Tuesday, March 10, 2009

I have a book reading coming up on March 27, at Dynamite Records here in Northampton. It's the first one I've done in a long time, and may be the only one I'll be doing for the new book - it's not like university presses have lots of money to throw around for publicity, after all. Anyone reading this who's in or near the Northampton area, please come down.

Last week I went to a very cool book event at the APE gallery in downtown Northampton. It was supposed to be Thurston Moore and Byron Coley talking about their recent book on the New York No Wave scene of the late 1970s-early 1980s. I have the book, haven't yet had time to really sit down with it, so I thought it would be cool to hear the authors give their version of how it came about.

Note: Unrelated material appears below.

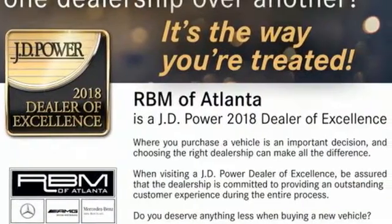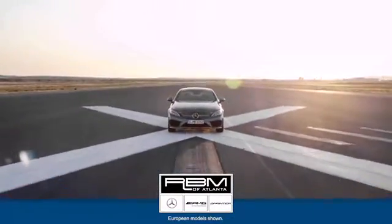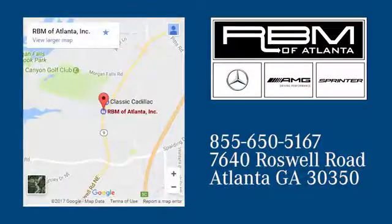You'll never know until you try. Test drive it today. At RBM of Atlanta in Sandy Springs, we have the best selection of new and top quality pre-owned vehicles to choose from. We are conveniently located at 7640 Roswell Road in Atlanta.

(A sidenote: yes, Thurston Moore is a local resident, as any good indie rock acolyte should know. I've not had the chance to strike up a real connection with him but chances to see him around the area are not rare.)

Unfortunately, Thurston was apparently laid up with the early stages of the flu, and so the evening was left to Byron alone to hold the floor. Of course, Byron had to joke that Thurston was feigning illness to save face because he'd just played a pretty mediocre show at the Bookmill, a used bookstore in nearby Montague that hosts the occasional adventurous music show. Jokes aside, though, Byron alone was enough to hold the attention of anyone with an interest in that musical moment in time.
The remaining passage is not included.